While we would like to see the lineup post six runs a game on the road, improved run prevention sure helps the team have a chance to steal more of those classic nail-biter games when they do happen. The benefits of stingy defense was on display in Los Angeles, as a number of great plays kept Friday’s game 2-2 to set up the extra innings victory and then held off rallies in the rubber match victory on Sunday.
Between their uber-athletic outfield, the freakish plays of Nolan Arenado and Troy Tulowitzki, and the steady play of DJ LeMahieu and Justin Morneau, the Rockies are playing superb defense. Appropriately, this has gotten attention in recent days. Eric Garcia McKinley and then Jonah Keri both noted the greatness of the Rockies infield defense despite their lack of shifts, while our own Lev Cohen went position by position to look at the strong results thus far.

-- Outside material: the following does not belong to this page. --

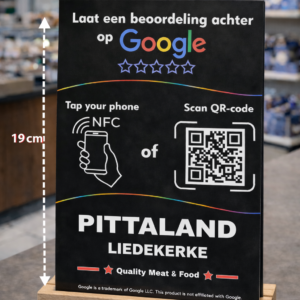 NFC- & QR-kaart voor het snel verzamelen van Google-reviews. Personalisatie met logo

The Rockies are guaranteed to have fluidity in their starting rotation and their bullpen over the course of the season. Pleasantly enough, they will still have a chance to have a decent pitching staff, and plays like these are no small part of that equation:
The truly deep lineup
For years we have told ourselves that the Rockies have a deep lineup, one that scares opposing pitchers beyond superstars Carlos Gonzalez and Troy Tulowitzki. This year we get to see what that looks like when it is actually true. Charlie Blackmon, Nolan Arenado, and Justin Morneau are white hot to start this season. The production from those three creates legitimate intrigue about what this offense might look like when Wilin Rosario and Michael Cuddyer get healthy.
So far this team has been able to win when CarGo and Tulo are not dialed in. They have the potential, then, to seriously bludgeon people when one or both of those stars get hot. And hopefully, hopefully, hopefully that means we will see fewer no-show-games away from Coors Field.
Things looked good this past weekend in Los Angeles, and it was a beautiful sight indeed.